The human genome sequence has perplexed researchers from the moment the draft version was assembled in 2001. The problem: our genome seems to contain remarkably few protein-coding genes.

The current estimate is between 20,000 and 25,000 — not many more than far simpler organisms such as nematode worms. But pinning down the exact number has proved to be a laborious business, and efforts have so far made only limited progress. Bioinformaticians meeting in Cambridge, UK, last week were optimistic that they can reverse this trend, thanks to a competition called E-GASP.

Launched earlier this year, E-GASP challenged 18 teams from around the world to develop better gene-prediction software for the human genome.

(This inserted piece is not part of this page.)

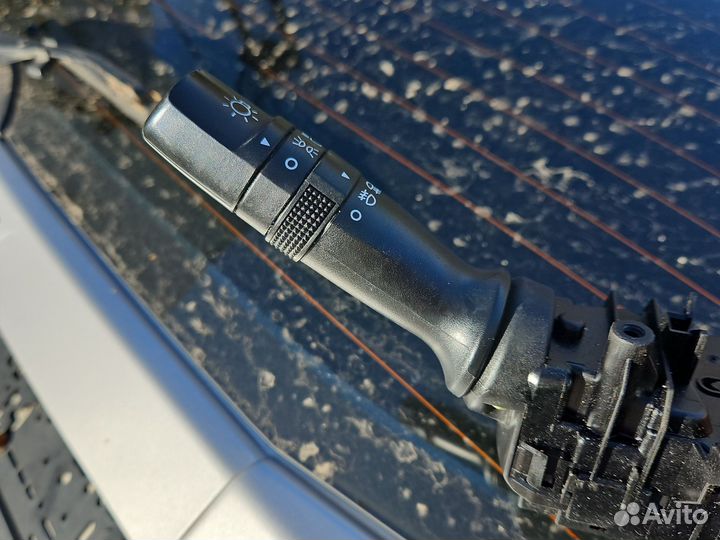 Левый подрулевой переключатель Хендай Ix35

The initiative has had the desired effect of improving the available gene-prediction software, says co-organizer Roderic Guigó, a bioinformatician at the Municipal Institute of Medical Research in Barcelona, Spain.

Proving that a particular stretch of DNA is a gene involves doing an experiment to show that it is transcribed to make an RNA copy that can then guide protein production. But to do this for the whole genome would be time-consuming and expensive. Software that predicts the likely position of genes can speed things up, but often has only limited accuracy.

Researchers hope that advances in predictive software will speed the identification of genes. Credit: BSIP, PIKO/SPL

E-GASP aimed to improve matters using test material taken from 44 regions of the human genome — about 1% of its total length. For 13 of the regions, researchers at ENCODE, a US initiative to analyse all of the functional elements in the human genome, painstakingly identified the position of all the genes by experiment.

This information was passed on to the 18 competing teams, who were then charged with predicting gene positions in the 31 remaining areas. At the same time, the ENCODE team completed its experimental analysis of the regions. Scientists gathered at the Wellcome Trust Sanger Institute on 6–7 May to hear the outcome.

“There was no absolute ‘right’ answer,” says Guigó. “Our annotation methods can only be described as ‘as-good-as-it-gets’.” So no overall winner was announced, although “a couple of the programs performed surprisingly well”, he adds.

Programs exploiting protein and transcription data provided the best predictions, but approaches involving comparisons with other genomes were also improved. Added together, the predictions put forward by the competitors hit 70% of the genes identified by the ENCODE team almost perfectly.

Developing good prediction software is especially important for scientists working with species for which the genomes have been sequenced but little money is available for their analysis.

The new tools will also help guide the work of experimental scientists interested in human genes. The competitors' predictions threw up hundreds of possible genes that weren't identified in the lab experiments. ENCODE scientists in Barcelona and Geneva will select 200 of these for analysis in the next few months. “But based on our previous experience we do not expect more than 2% to be validated using our manual approach,” says Guigó.

He admits that other methods may turn up more genes. Researchers from the genomics company Affymetrix, based in Santa Clara, California, presented data to the Cambridge meeting from experiments using the latest generation of ‘microarrays’. These are made by chopping the genome up into thousands of bits of DNA and placing them, in order, on a grid. RNA will bind to the DNA it was produced from and therefore indicate any regions of the genome that are transcribed.

When the researchers washed RNA from a cell over the chip, 50% more regions on the grid bound to the RNA than there were known genes, suggesting that there is a lot more transcription going on than can be accounted for by genes identified so far. It isn't known how much of this extra transcription represents new protein-coding genes, or whether some of the RNA molecules help to regulate existing genes.